In response to the reserving example, most actuaries correctly said that their professional code required Vinny to communicate with Sally about their differences. But many put more onus on poor Vinny to document his conclusions, demonstrating a greater willingness to accept the idea that Sallys answer was correct.
Faced with a different kind of dilemma, one in which an actuary realizes that an error in a year-old rate filing caused his company to overcharge customers for a year, the honesty precept was all but forgotten.
“Unless you're in a noncompetitive market, you actually gave up some of that money” through loss of market share, one actuary reasoned. “You dont owe an obligation to people who willingly bought the coverage” at the higher price.
Another made a hair-splitting distinction between calculation and data errors, asserting that the insurance department should have caught a calculation error, thereby removing the responsibility of the actuary to correct it.
Mr.
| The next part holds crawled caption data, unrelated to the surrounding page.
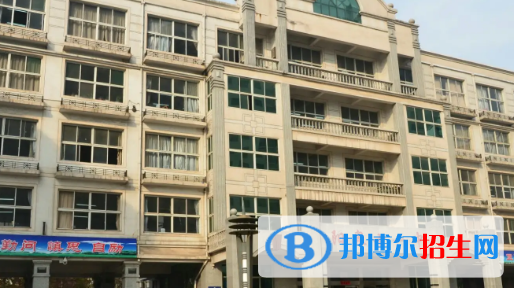 2023年陽泉中學(xué)最新排行榜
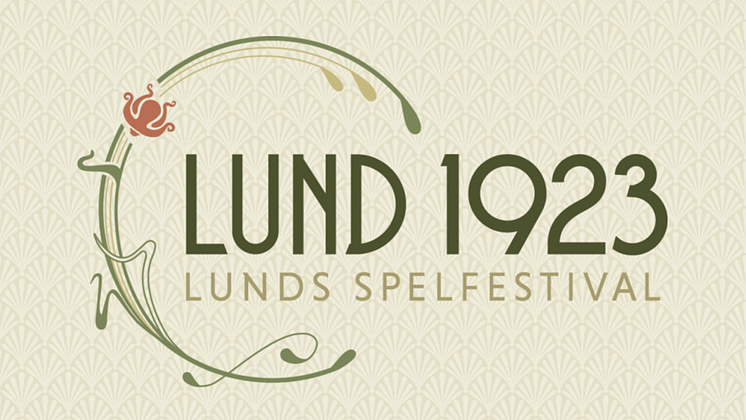 Vinjett_Lund1923_anpassad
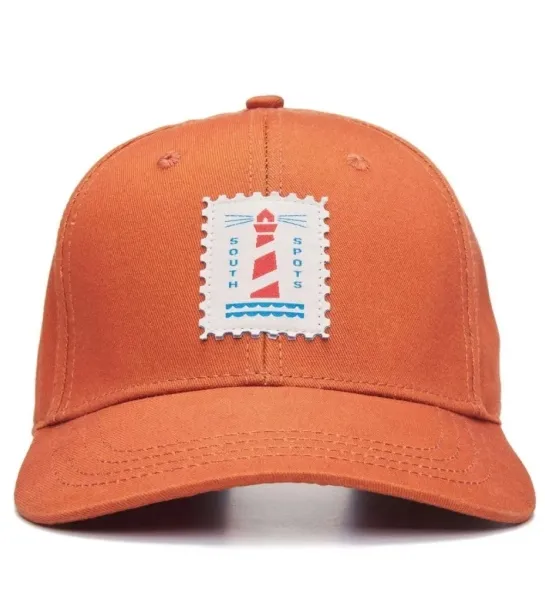 Gorra Trown Lighthouse Unisex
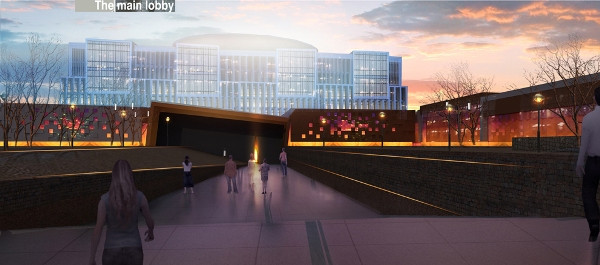 “Nên bảo tồn nguyên trạng di sản trên chính nơi nó phát lộ” ảnh 2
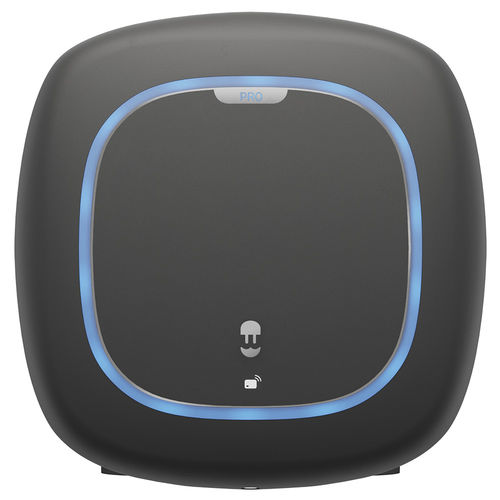 Зарядная станция для электромобилей Pulsar Pro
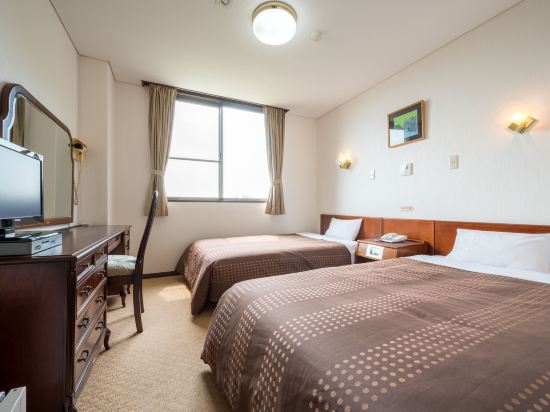 Hotel Tamano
Currie told the actuaries that they are called upon to make “the best and most honorable decisions” they can, “the most professional ones we're capable of at the moment that we make them.”
“But if we're honest with ourselves, we will admit that we probably made decisions that we would rather not have made,” he said.
Reproduced from National Underwriter Property & Casualty/Risk & Benefits Management Edition, July 22, 2002. Copyright 2002 by The National Underwriter Company in the serial publication. All rights reserved.Copyright in this article as an independent work may be held by the author.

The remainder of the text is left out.